Recently, I was in a discussion with an influential executive and he made a statement that was quite disheartening. “Good enough is good enough.” Although paraphrased, this was not what I wanted to hear. I have a solid opinion that one has to do their best and one has to focus on the customer to be great. There has to be commitment to strive towards excellence.
If your company is succeeding by virtue of passivity and the simple fact that it is too expensive or too difficult for your customer to leave, is that truly success? Is it really a long term, viable solution to a problem? My view on it is certainly not. The customer should be wanting to stay with you through thick and thin. You want to drive customer loyalty vs customer satisfaction or apathy.
There are most certainly times when perfection or ‘the best’ is a problem. Shipping software, for example, is an example of this. If you hold a product delivery until you are perfect, bug free and have zero problems, you’re probably shipping too late — someone would have beaten you too it or you were solving problems that no one really cared about. You can not, however, ship mediocre and expect to be successful.
As a whole, it is always better to strive for greatness and fail than it is to accept being ‘good enough’. Lead the way towards making things better. It is better to try to make the customers ecstatic, the product phenomenal, and the employees extremely positive than it is to simply let things be or to be passive in your behavior. Take a chance, make things awesome. Take the shot, drive success and greatness.
Recently, I was doing research into quality metrics and methods of driving towards a great support center. The company I work for, 3M, is very heavily into ISO standards which tend to apply more towards manufacturing. There is, however, a standard called ISO 10002:2014 that aligns with the more traditional ISO 9001. As per the standard, this “provides guidance on the process of complaints handling related to products within an organization, including planning, design, operation, maintenance, and improvement. The complaints-handling process described is suitable for use as one of the processes of an overall quality management system.”

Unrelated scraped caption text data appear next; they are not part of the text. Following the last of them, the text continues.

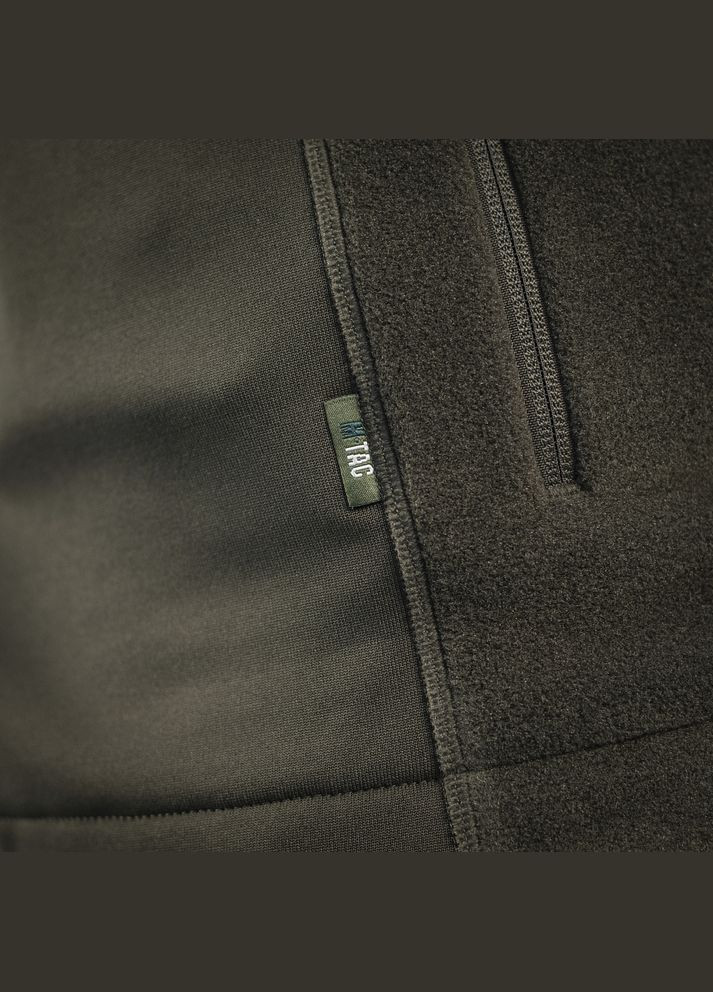 Кофта Polartec Sport Dark Olive M-TAC (315146591)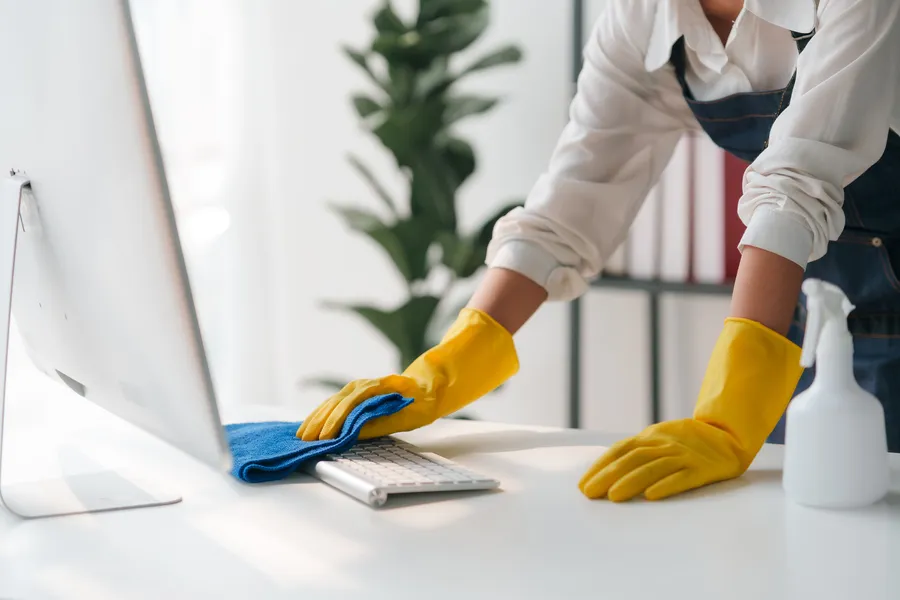 Reliable Office Cleaning Columbus, OH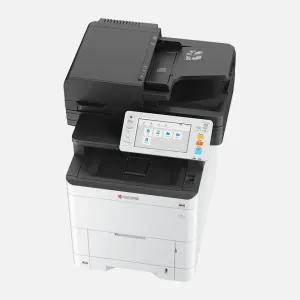 Kyocera ECOSYS MA3500cix Colour Multifunction Laser Printer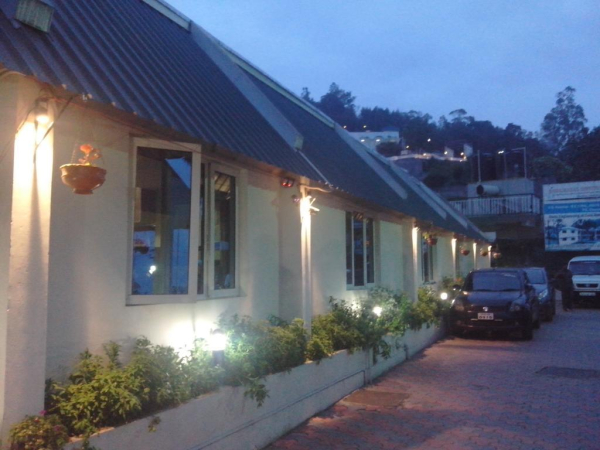 Best offers for Quality Inn Sabari Resorts Bangalore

I reviewed the standard as well as many others, including ITIL CSI, Benchmark Portal’s Call Center standards, HDI guidelines, etc. The fact is, they are all very similar. The key is to have something that:
- Gives your team a standard to follow
- Allows your management to monitor & audit
- Has controls in place for long term success
If you have no less than these three things in place, you have a system that drives towards a system that improves quality and direction; a system that sets you up for long term success. Just be careful about not having too many.